_Supplied information_:
====
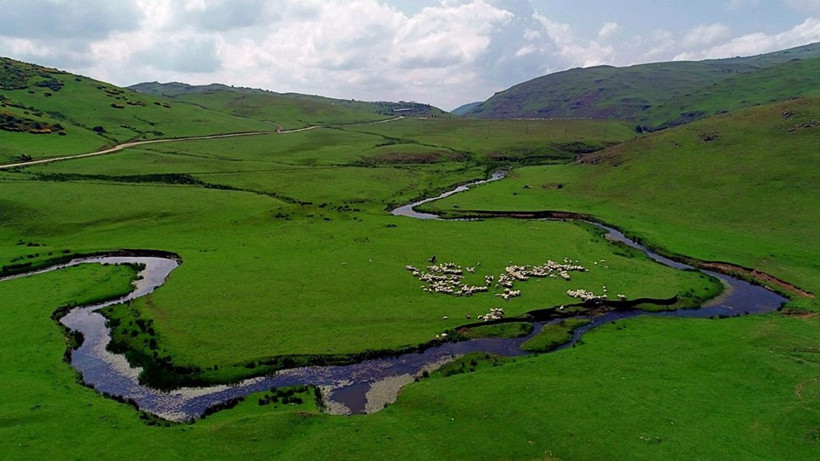 Ordu'da bir doğa harikası: Perşembe Yaylası - Resim: 1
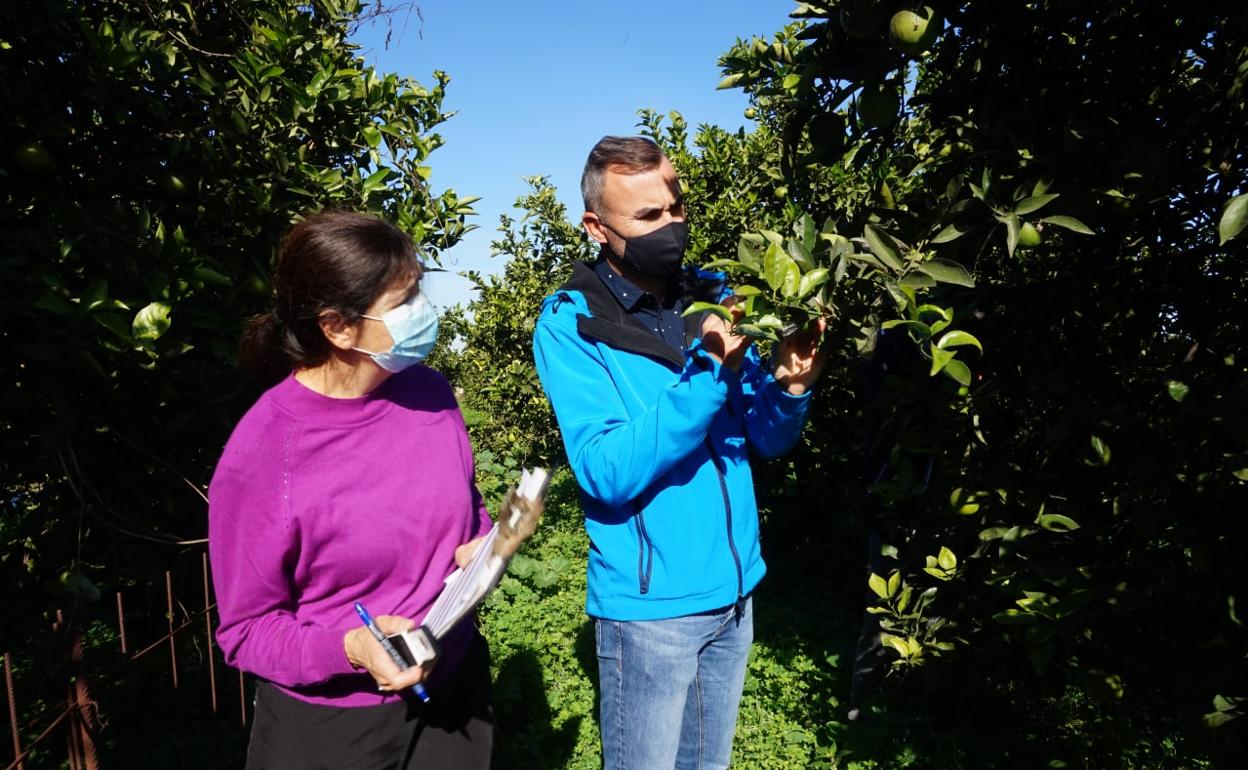 Oliva forma a sus agricultores para luchar contra las plagas mediante recursos naturales
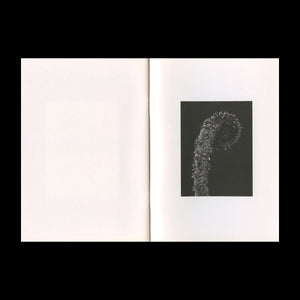 Traianos Pakioufakis - Grass Tree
====
_Exercise_: The finished answer is an exact repetition of the listing, with every picture removed.

_Result of this exercise_:
 Ordu'da bir doğa harikası: Perşembe Yaylası - Resim: 1
 Oliva forma a sus agricultores para luchar contra las plagas mediante recursos naturales
 Traianos Pakioufakis - Grass Tree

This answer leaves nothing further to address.